Computer Vision Models
A set of tensorflow models for different computer vision tasks.
Getting started
Dependencies
- Docker to create a image and containers
- NVIDIA Container Toolkit To access GPUs from the containers
- MongoDB to store and read training data
Docker
Check the Dockerfile
to see what kind of dependencies are installed for the docker image. The .vscode/task.json
shows all the flags for a run command:
# add current user to the docker group
sudo usermod -aG docker $USER
# allow access to screen from docker container (best added to .bashrc)
xhost local:root
docker run -it --rm \
--gpus all \
--network="host" \
--privileged -v /dev/bus/usb:/dev/bus/usb \
-e DISPLAY=$DISPLAY -v /tmp/.X11-unix:/tmp/.X11-unix \
--mount "type=bind,source=$(pwd),target=/home/computer-vision-models" \
computer-vision-models bash
# access gpus
# allow access to localhost (for mongodb)

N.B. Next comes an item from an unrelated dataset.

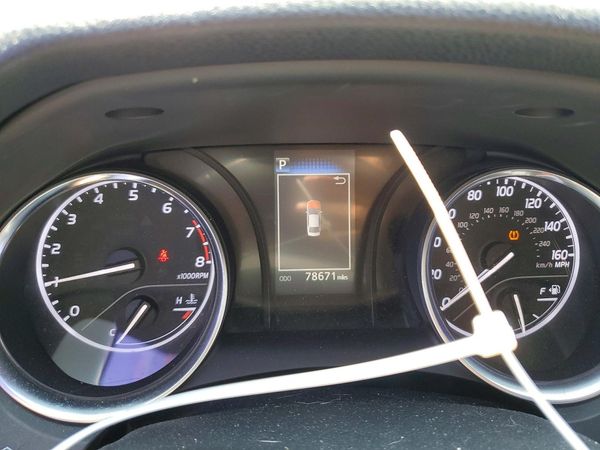 2018 TOYOTA CAMRY L/LE/SE/XLE — ODOM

# allow access to usb for Coral USB Accelerator
# to display images on screen
# bind local workspace with the one on docker to avoid rebuilding for every code change
EdgeTpu support
Dont forget to plugin the Coral USB Accelerator :)
Spotty support
Train on AWS with https://github.com/spotty-cloud/spotty. To have a working mongodb setup these steps should be done:
- Install spotty cli with
pip install spotty
- Create a on-demand instance with a volume size that fits all the training data
- Install mongodb for the operating system you are using
- In /etc/mongod.conf make sure that bindIp: 0.0.0.0 to allow access outside of localhost
- On the outbound rules in the security group allow traffic (specifally port 27017) from inside the VPC
- Add the local IP to the [aws_mongodb] config in config.ini and use the aws_config in train.py
Folder structure
Overview of the folder structure and it's contents. A README.md in each folder provides more detailed documentation.
common
Includes all the common code shared between all the different model implementations. E.g. data reading, storing/plotting results, logging, saving models or converting models to different platforms.
data
In an attempt to be able to combine same kinds of data (e.g. semseg, 2D od, etc.) from different sources, custom label specs are used. Since data can also come in many different forms, all data is combined into MongoDB for easy storage and access. For each datasource an "upload script" exists that converts the source data to the internal label spec and uploads it do MongoDB.
models
Different model implementations for different computer vision tasks. Includes all necesarry pre- and post-processing, training, model description, inference, etc.
eval
Does not exist yet, work in progress. But the idea is that just like different data sources are combined to an internal label spec, different models implementing the same type of computer vision algo (e.g. semseg or 2D detections) should also output a common output spec to be evaluated against each other.
Tests
Tests should be in the same location as the file that is tested with the naming convention $(FILE_NAME)_test.py. To run tests call $ pytest
in the root directory or use your favorite test runner (e.g. pycharm or vs code).